* **ABOUT THIS EXERCISE**
Copy out the lines of the records below, and only those lines, from the one with "Frendorf | Weiße" through the one with "Item preview, RIDE", exactly as they appear.

* **TASK INPUT**
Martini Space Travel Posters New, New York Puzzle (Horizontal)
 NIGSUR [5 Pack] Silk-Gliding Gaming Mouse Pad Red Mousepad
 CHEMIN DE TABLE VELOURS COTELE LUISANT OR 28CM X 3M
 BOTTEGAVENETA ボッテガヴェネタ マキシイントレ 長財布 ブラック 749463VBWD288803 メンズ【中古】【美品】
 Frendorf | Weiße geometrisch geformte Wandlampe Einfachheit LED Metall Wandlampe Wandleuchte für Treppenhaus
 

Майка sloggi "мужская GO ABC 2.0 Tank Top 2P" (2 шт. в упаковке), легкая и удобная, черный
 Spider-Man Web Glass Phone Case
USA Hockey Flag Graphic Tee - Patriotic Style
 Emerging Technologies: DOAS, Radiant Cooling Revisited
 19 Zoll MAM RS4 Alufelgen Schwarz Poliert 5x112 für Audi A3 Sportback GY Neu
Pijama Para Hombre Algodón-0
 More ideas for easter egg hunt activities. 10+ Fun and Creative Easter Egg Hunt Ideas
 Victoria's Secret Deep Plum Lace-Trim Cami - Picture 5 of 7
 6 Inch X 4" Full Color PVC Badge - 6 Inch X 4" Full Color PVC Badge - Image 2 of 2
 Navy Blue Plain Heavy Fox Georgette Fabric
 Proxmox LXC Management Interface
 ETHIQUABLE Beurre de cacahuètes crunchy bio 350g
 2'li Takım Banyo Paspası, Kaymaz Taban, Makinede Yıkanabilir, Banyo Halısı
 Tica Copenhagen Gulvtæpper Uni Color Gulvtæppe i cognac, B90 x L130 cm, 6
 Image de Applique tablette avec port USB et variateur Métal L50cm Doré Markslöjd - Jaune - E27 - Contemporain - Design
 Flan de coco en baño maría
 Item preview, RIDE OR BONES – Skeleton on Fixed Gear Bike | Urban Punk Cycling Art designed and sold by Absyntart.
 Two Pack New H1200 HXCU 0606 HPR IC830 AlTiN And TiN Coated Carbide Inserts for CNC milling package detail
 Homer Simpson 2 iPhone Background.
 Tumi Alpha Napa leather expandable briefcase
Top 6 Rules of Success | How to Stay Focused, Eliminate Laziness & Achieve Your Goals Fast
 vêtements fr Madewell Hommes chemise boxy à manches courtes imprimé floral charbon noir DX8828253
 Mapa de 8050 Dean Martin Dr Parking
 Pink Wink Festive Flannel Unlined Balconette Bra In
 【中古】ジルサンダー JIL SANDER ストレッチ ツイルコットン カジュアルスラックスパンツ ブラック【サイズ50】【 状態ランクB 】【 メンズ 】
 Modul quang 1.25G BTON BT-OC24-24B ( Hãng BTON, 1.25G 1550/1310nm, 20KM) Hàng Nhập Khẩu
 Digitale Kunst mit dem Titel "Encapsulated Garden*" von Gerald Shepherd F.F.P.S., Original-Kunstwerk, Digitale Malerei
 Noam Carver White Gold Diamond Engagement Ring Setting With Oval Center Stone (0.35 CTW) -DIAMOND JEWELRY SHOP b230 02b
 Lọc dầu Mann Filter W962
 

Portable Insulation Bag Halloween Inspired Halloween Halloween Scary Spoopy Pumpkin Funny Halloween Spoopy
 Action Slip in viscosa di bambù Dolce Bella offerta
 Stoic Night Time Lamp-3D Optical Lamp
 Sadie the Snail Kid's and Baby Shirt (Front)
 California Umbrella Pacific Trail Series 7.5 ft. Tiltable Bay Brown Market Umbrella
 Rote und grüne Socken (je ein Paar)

* **SOLVED EXERCISE**
 Frendorf | Weiße geometrisch geformte Wandlampe Einfachheit LED Metall Wandlampe Wandleuchte für Treppenhaus
 

Майка sloggi "мужская GO ABC 2.0 Tank Top 2P" (2 шт. в упаковке), легкая и удобная, черный
 Spider-Man Web Glass Phone Case
USA Hockey Flag Graphic Tee - Patriotic Style
 Emerging Technologies: DOAS, Radiant Cooling Revisited
 19 Zoll MAM RS4 Alufelgen Schwarz Poliert 5x112 für Audi A3 Sportback GY Neu
Pijama Para Hombre Algodón-0
 More ideas for easter egg hunt activities. 10+ Fun and Creative Easter Egg Hunt Ideas
 Victoria's Secret Deep Plum Lace-Trim Cami - Picture 5 of 7
 6 Inch X 4" Full Color PVC Badge - 6 Inch X 4" Full Color PVC Badge - Image 2 of 2
 Navy Blue Plain Heavy Fox Georgette Fabric
 Proxmox LXC Management Interface
 ETHIQUABLE Beurre de cacahuètes crunchy bio 350g
 2'li Takım Banyo Paspası, Kaymaz Taban, Makinede Yıkanabilir, Banyo Halısı
 Tica Copenhagen Gulvtæpper Uni Color Gulvtæppe i cognac, B90 x L130 cm, 6
 Image de Applique tablette avec port USB et variateur Métal L50cm Doré Markslöjd - Jaune - E27 - Contemporain - Design
 Flan de coco en baño maría
 Item preview, RIDE OR BONES – Skeleton on Fixed Gear Bike | Urban Punk Cycling Art designed and sold by Absyntart.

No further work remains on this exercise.